== Segment start ==

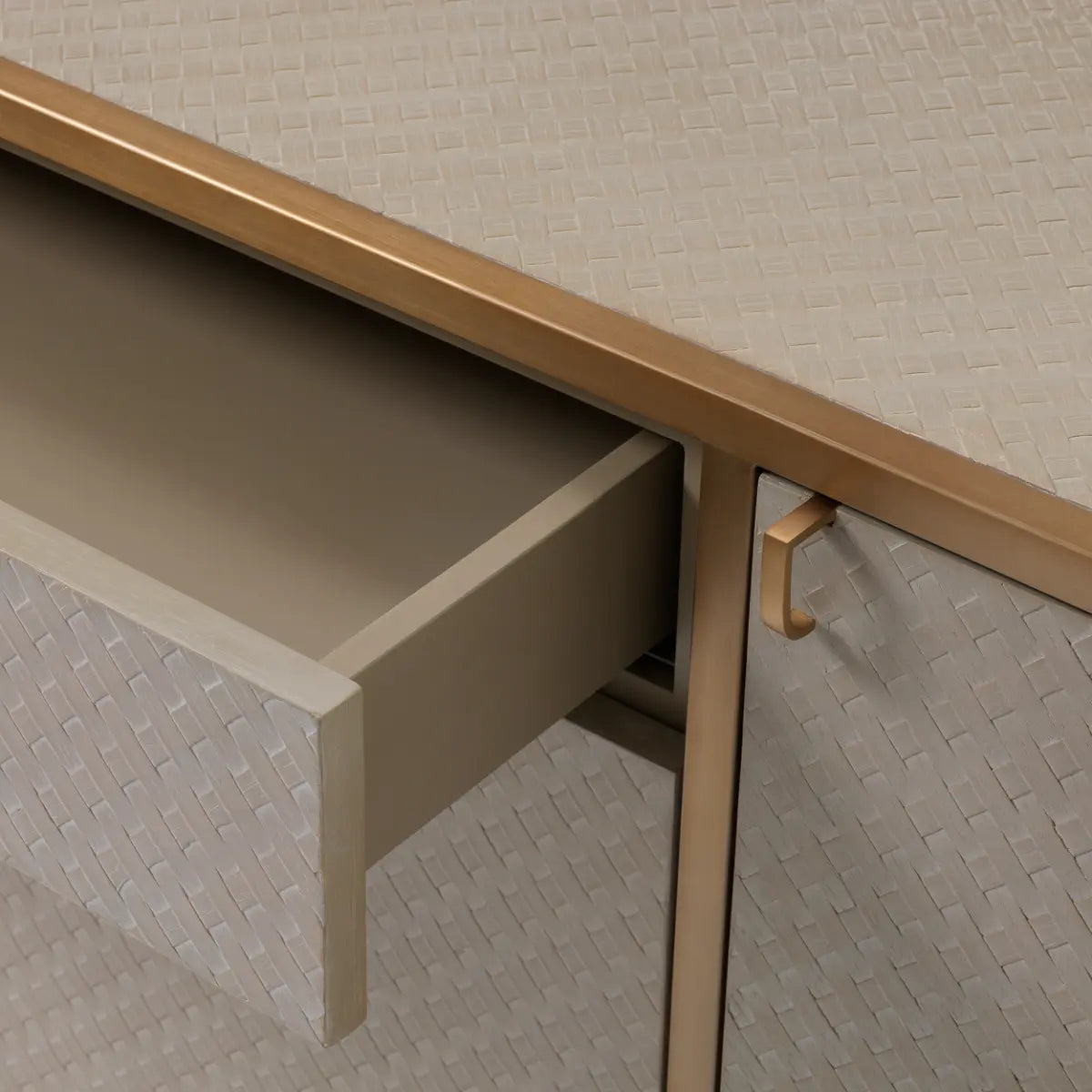 EICHHOLTZ SIDEBOARD NAPA VALLEY 114778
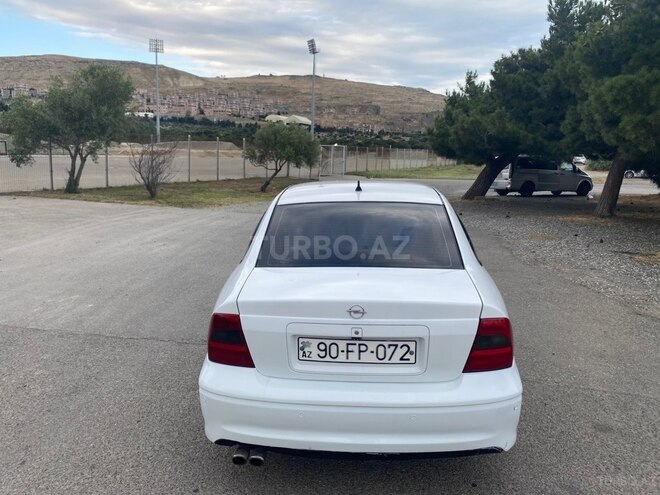 Opel Vectra-6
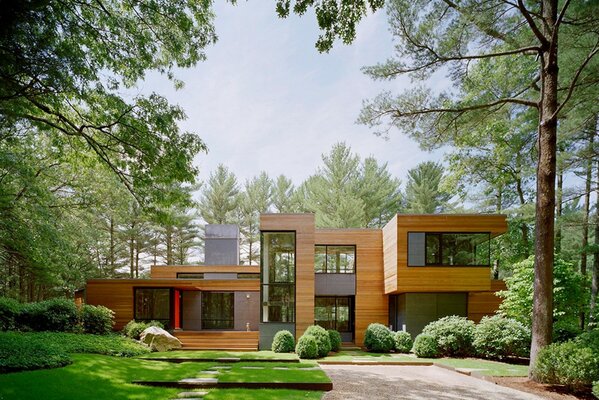 Casa de campo moderna con ventanas panorámicas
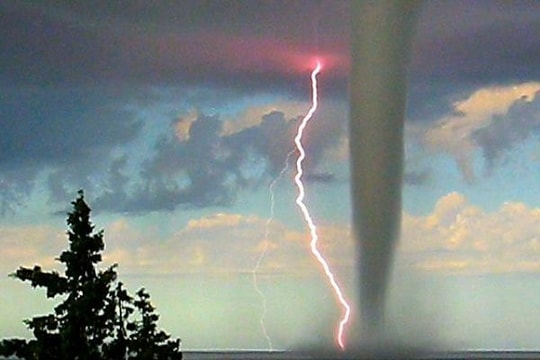 Thời tiết Nghệ An hôm nay: Cảnh báo mưa giông, gió mạnh ở vùng miền núi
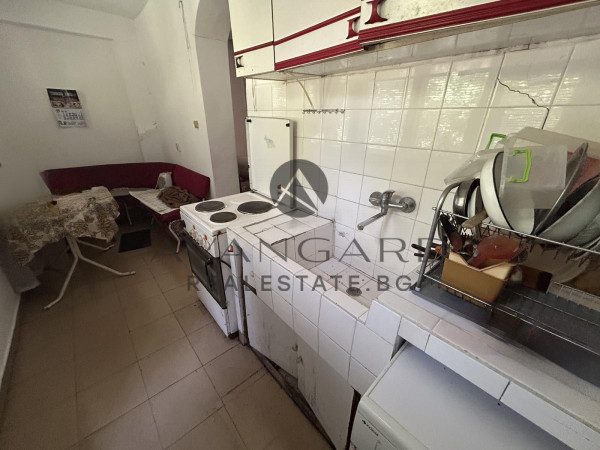 One -bedroom with three separate rooms / Karshiyaka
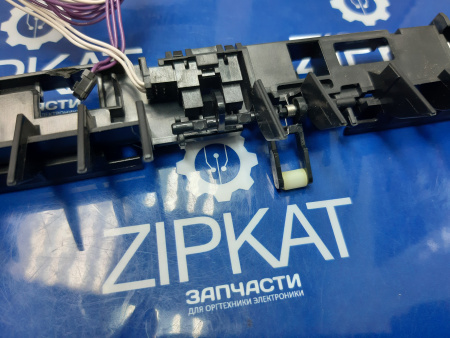 Деталь термоблока МФУ с рычагом HP M477 (3)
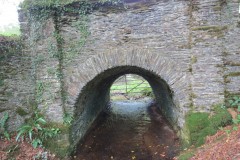 14.-Lower-Beverton-Bridge-downstream-arch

== Segment end ==

◆ TASK STATEMENT
The answer is the whole listing retyped exactly, with pictures omitted.

◆ OUTPUT OF THE TASK
 EICHHOLTZ SIDEBOARD NAPA VALLEY 114778
 Opel Vectra-6
 Casa de campo moderna con ventanas panorámicas
 Thời tiết Nghệ An hôm nay: Cảnh báo mưa giông, gió mạnh ở vùng miền núi
 One -bedroom with three separate rooms / Karshiyaka
 Деталь термоблока МФУ с рычагом HP M477 (3)
 14.-Lower-Beverton-Bridge-downstream-arch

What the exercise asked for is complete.